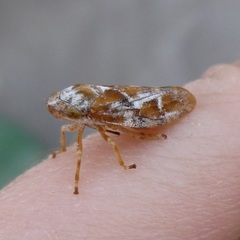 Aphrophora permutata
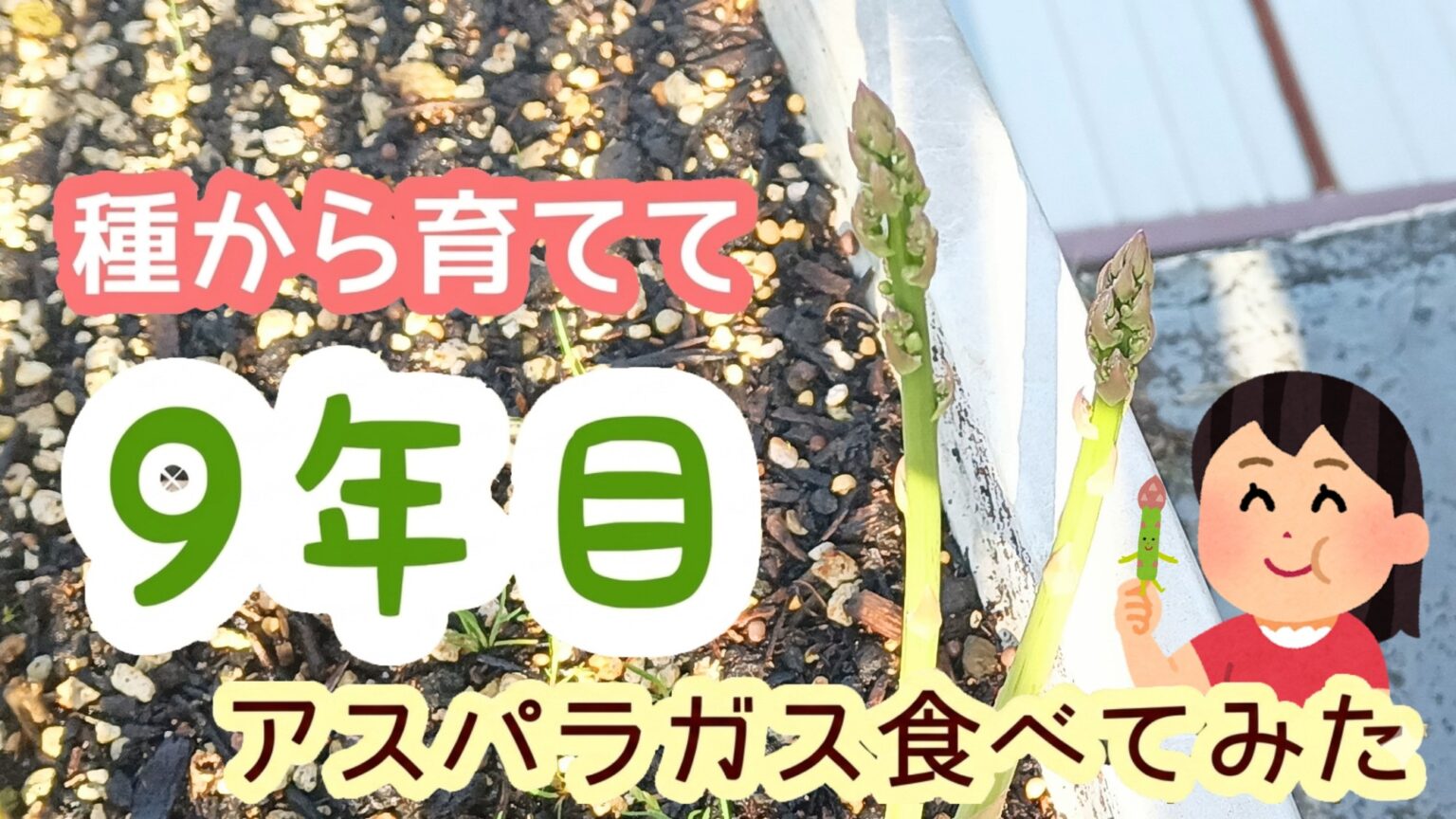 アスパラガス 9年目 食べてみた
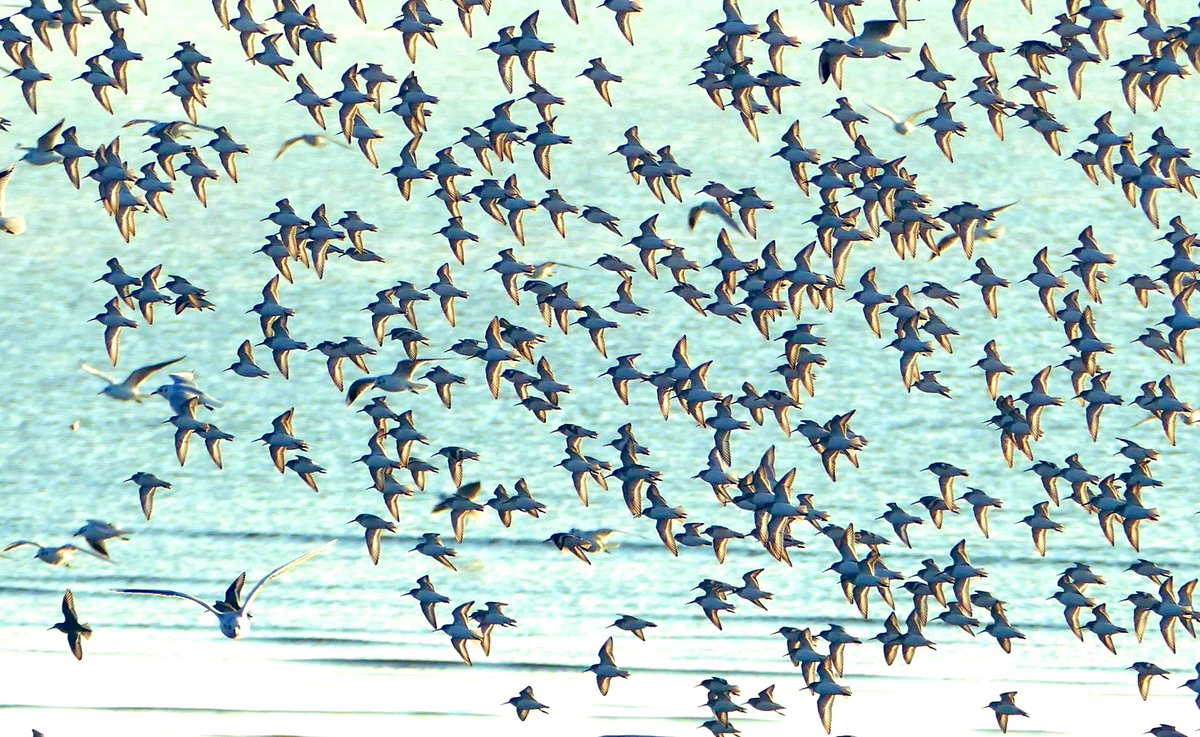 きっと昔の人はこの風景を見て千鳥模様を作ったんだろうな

**DIRECTIONS:** Transcribe, please, the lines from the one holding "アスパラガス 9年目 食べてみた" to the final line of the material, both included, exactly and with no extra lines, and skip the pictures.

**ANSWER:**
 アスパラガス 9年目 食べてみた
 きっと昔の人はこの風景を見て千鳥模様を作ったんだろうな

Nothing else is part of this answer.